Krylov subspace solvers such as GMRES and preconditioners such as incomplete LU (ILU) are the most commonly used methods to solve general-purpose, large-scale linear systems in simulations efficiently. Parallel Krylov subspace solvers and preconditioners with good scalability features are required to exploit the increasing parallelism provided by modern hardware fully. As such, they are crucial for productivity. They provide a high-level abstraction to the details of a complex hybrid parallel implementation which is easy to use for the domain expert. However, the ILU factorization and the subsequent triangular solve are sequential in their basic form. We use a multilevel nested dissection (MLND) ordering to resolve that issue and expose some parallelism.

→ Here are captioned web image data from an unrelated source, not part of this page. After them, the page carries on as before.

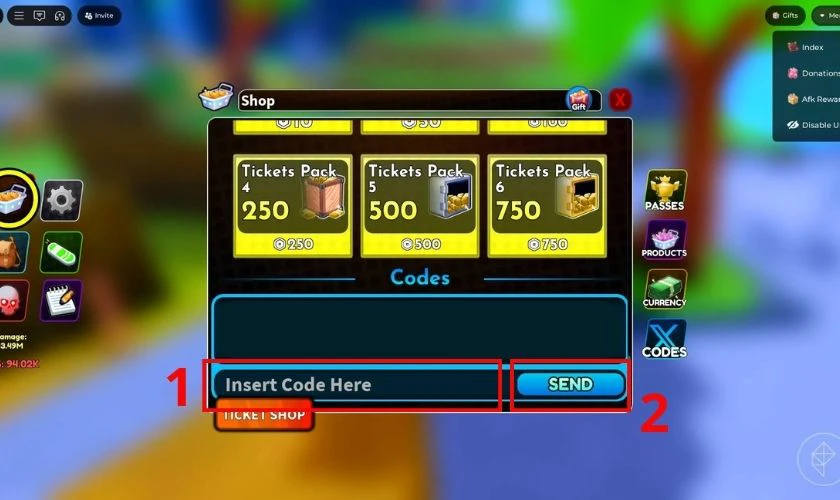 Nhập ch&iacute;nh x&aacute;c m&atilde; code v&agrave;o &ocirc; y&ecirc;u cầu. Nhấn X&aacute;c nhận hoặc Send để nhận qu&agrave;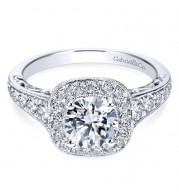 Gabriel & Co. 14k White Gold Victorian Halo Engagement Ring - ER7293W44JJ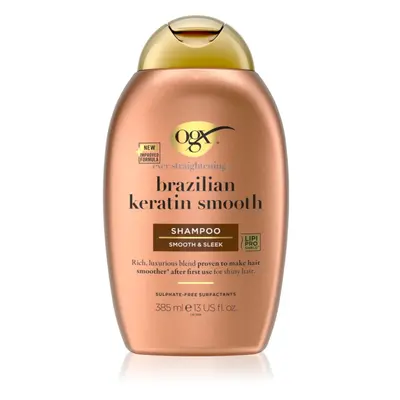 OGX Brazilian Keratin Smooth kisimító sampon a fénylő és selymes hajért 385 ml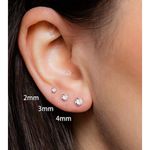 18k Rose Gold CZ Barbell Earrings Pink Photo 1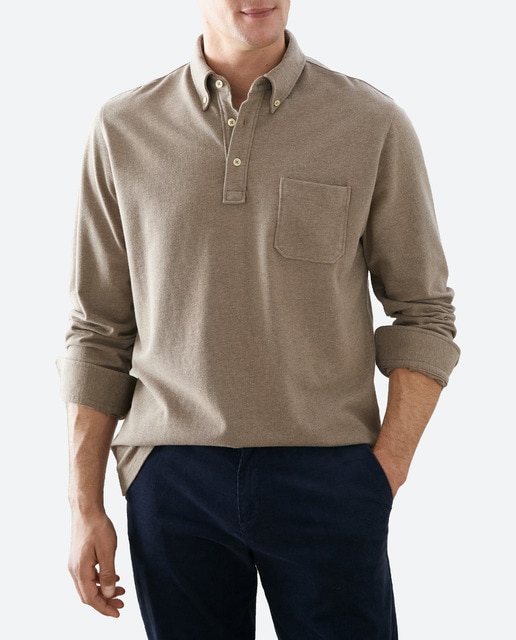 Imagen 0 de Polo de hombre manga larga liso boton dowm bolsillo pecho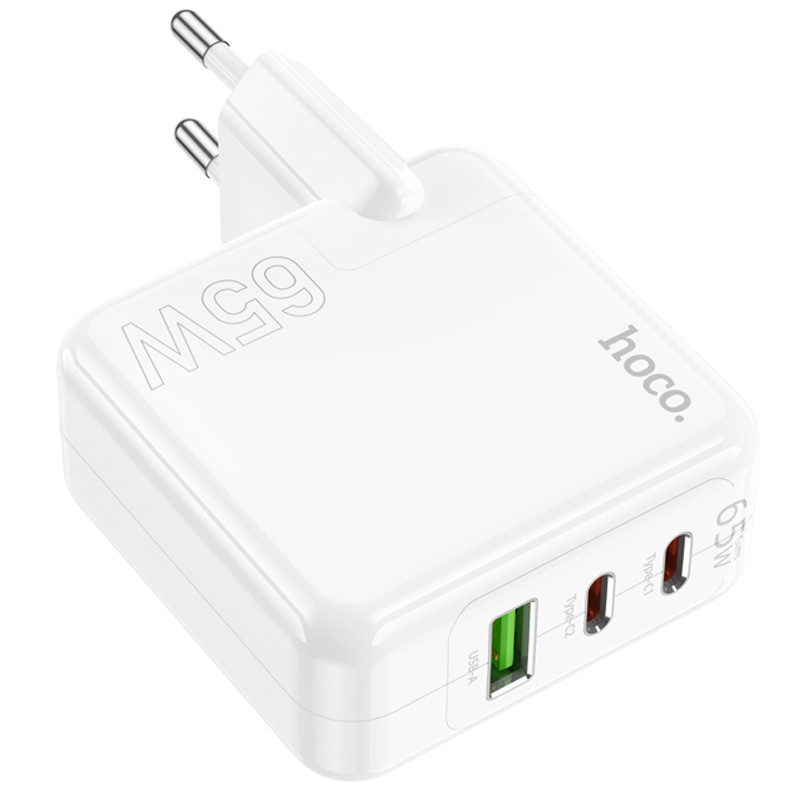 Мережевий зарядний пристрій Hoco C115A Header PD 65W + QC 3.0 (1×USB-A / 2×USB-C) White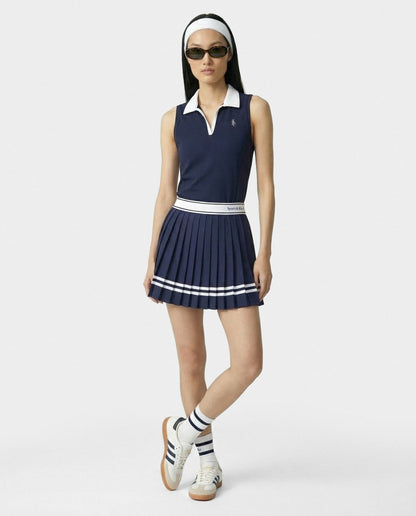 Serif Logo Pleated Skirt - Navy/White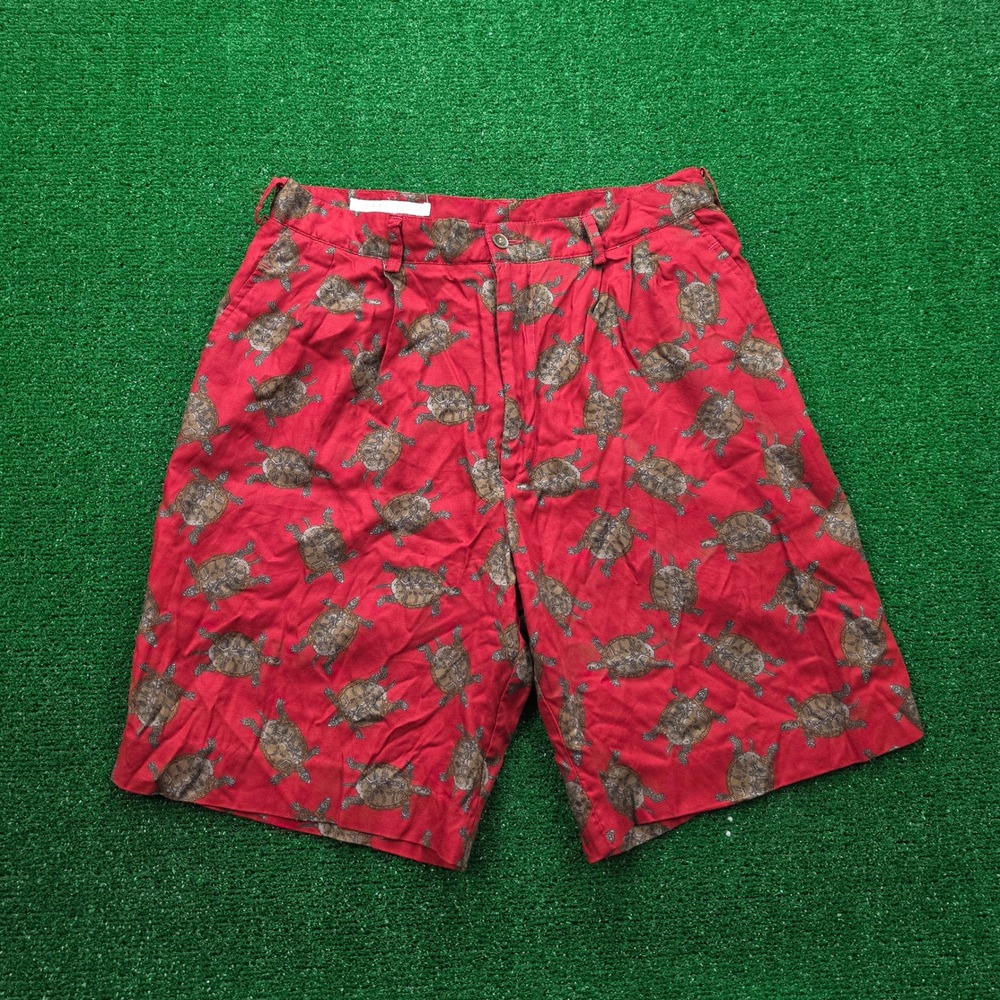 Vintage Perry Ellis All Over Turtle Print Pleated Shorts Mens 32 Red 100% Rayon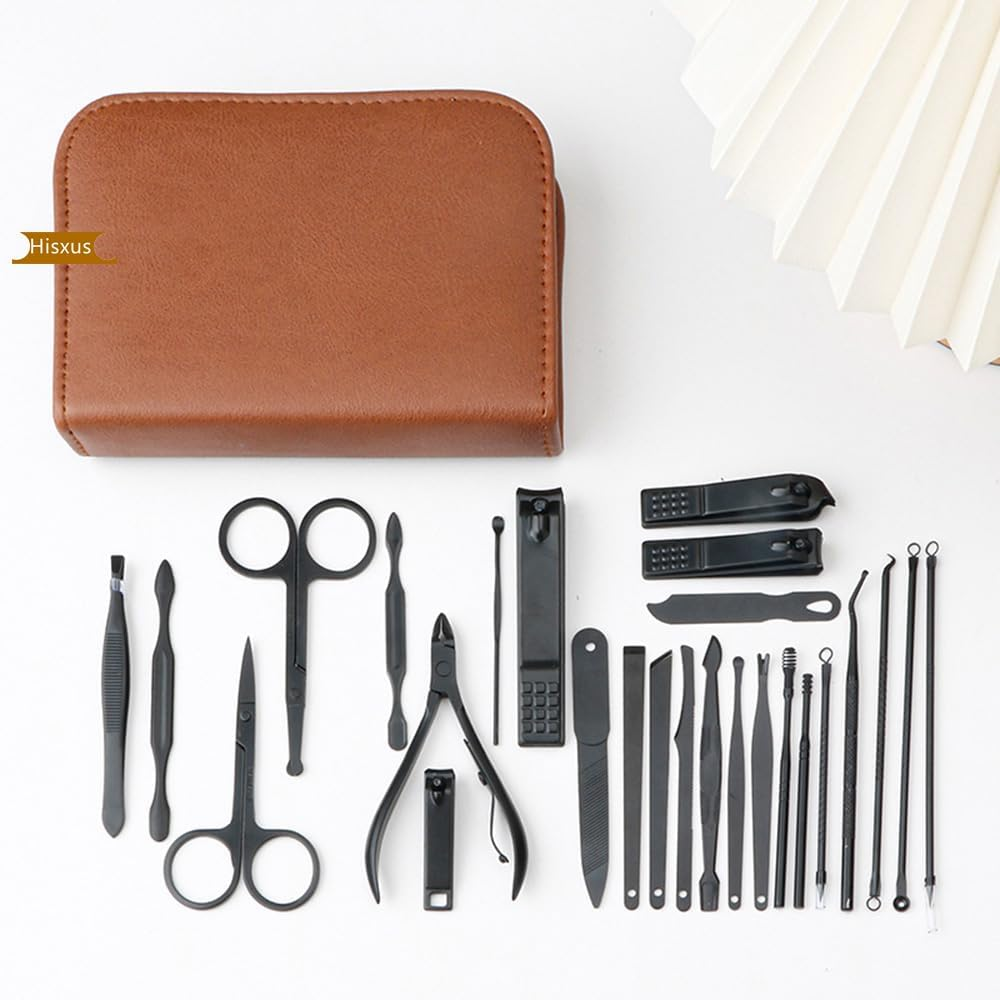 Hisxus Brown Manicure Set Professional Nail Clipper Kit-26 Pieces Stainless Steel Manicure Kit,Nail Care Tools with Luxurious Travel Case for Man&Women Gift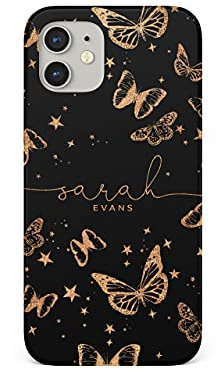 Tirita Personalised Phone Case Cover Compatible with iPhone 12 Mini [10 - Gold Butterflies Stars Black]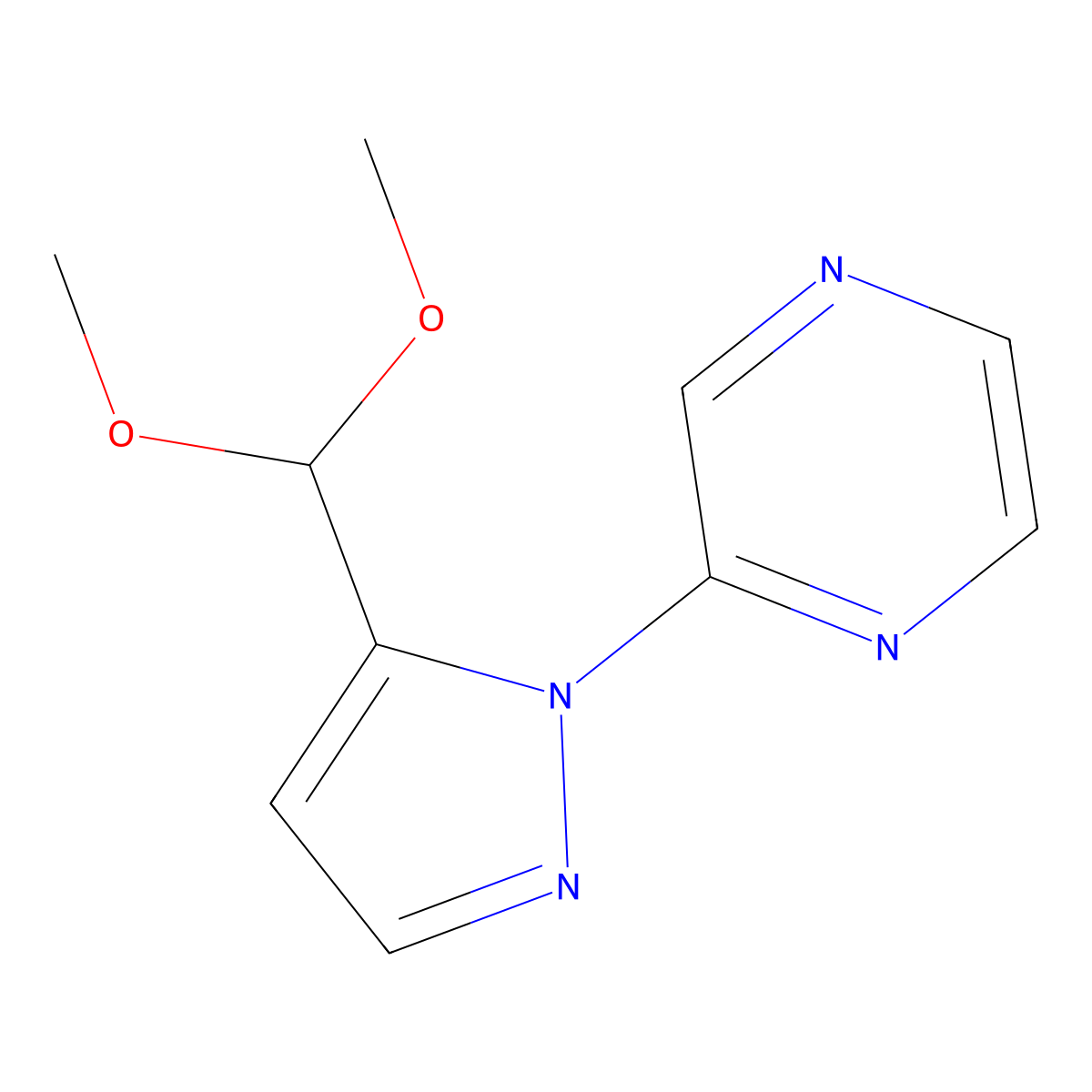 2-(5-(dimethoxymethyl)-1H-pyrazol-1-yl)pyrazine molecular structure, CAS 1269291-87-3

We investigate the parallel efficiency of a hybrid parallel ILU preconditioner that combines a restricted additive Schwarz (RAS) method on the process level with a shared memory parallel MLND Crout ILU method on the thread level. We employ the PGAS based programming model GASPI to efficiently implement the data exchange across processes. We demonstrate the scalability of our approach for the convection-diffusion problem as a representative of a large class of engineering problems up to 64 sockets (1280 cores) and show comparable baseline performance against the linear solver library PETSc. The RAS preconditioned GMRES solver achieves about 80% parallel efficiency on 1280 cores. Our implementation provides a generic, algebraic, scalable, and efficient preconditioner that enables productivity for the domain expert in solving large-scale sparse linear systems.